Noch weniger zeigen sich die Länder vom Narrativ des Systemkonflikts überzeugt. In dieser Region, die immer schon eine Bühne für geopolitische Machtspiele und Machtverschiebungen gewesen ist, werden die weltpolitischen Dynamiken durchaus registriert, aber mit realpolitischem Blick. Allein der relative Rückzug der USA aus der Region und die wachsende Präsenz Chinas sind unverkennbare Indikatoren für diese geopolitische Neuordnung. In den Diskursen tauchen jedoch Begriffe wie Systemwettbewerb oder -konflikt nicht auf. Vielmehr werden die aktuellen Entwicklungen als „Great Power Competition“ zwischen dem Westen und China beziehungsweise Russland im sicherheits- und geopolitischen Kontext erklärt. Nach dieser Auffassung konkurrieren unterschiedliche Mächte um regionalen oder globalen Einfluss, die spezifischen Ordnungsvorstellungen der rivalisierenden Mächte sind dabei unerheblich. Im Vordergrund stehen für die arabischen Länder daher die Konsequenzen der Schwächung der US-Macht für die Sicherheit und den Schutz kleiner Staaten und mittlerer Mächte, wie es die Staaten im Nahen, Mittleren Osten und Nordafrika allesamt sind. Es geht also um die Frage, wie man die zunehmende Konfrontation zwischen den Großmächten unter Wahrung der eigenen nationalen Interessen am besten überlebt und dabei nicht zwischen die Fronten gerät.

Was sich in der Region abzeichnet, ist die Entstehung von „Entwicklungsautokratien“.

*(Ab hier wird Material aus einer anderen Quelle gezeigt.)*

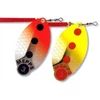 Kép 2/3 - MEPPS Lusox Méret: 2 Szin: ezüst-piros fluo Tömeg: 16 g Csomagolás: 3db /csomag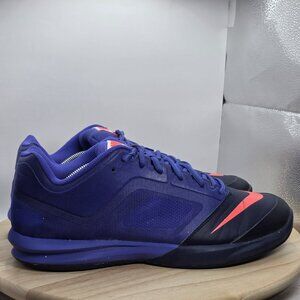 MENS SIZE 12 - NIKE BALLISTEC ADVANTAGE TENNIS SHOES 685278 584 ROGER FEDERER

Insofern ist das, was im Westen als Systemwettbewerb wahrgenommen wird, im Nahen Osten klassisches geopolitisches Ringen um Macht. Es geht nicht um Demokratie versus Autokratie. Die Länder der Region richten sich nach handfesten eigenen Interessen aus. Die normative Aufladung des Themas wird nicht geteilt. Die Erfahrungen hinsichtlich des moralischen Anspruchs des Westens in der Region befeuern diese Haltung. Der Umgang des Westens mit der völkerrechtswidrigen US-Invasion des Irak, mit der palästinensischen Frage beziehungsweise der Israel-Politik, aber auch mit Afghanistan sind Beispiele, die immer wieder angeführt werden. In der arabischen Welt hat sich die Wahrnehmung verbreitet, dass der Westen nur dann auf die Einhaltung des Völkerrechts und einer regelbasierten Ordnung pocht, wenn er selbst betroffen ist oder seine Interessen berührt werden. Diese Positionen können sicherlich nicht unwidersprochen bleiben, müssen aber zugleich ernst genommen werden.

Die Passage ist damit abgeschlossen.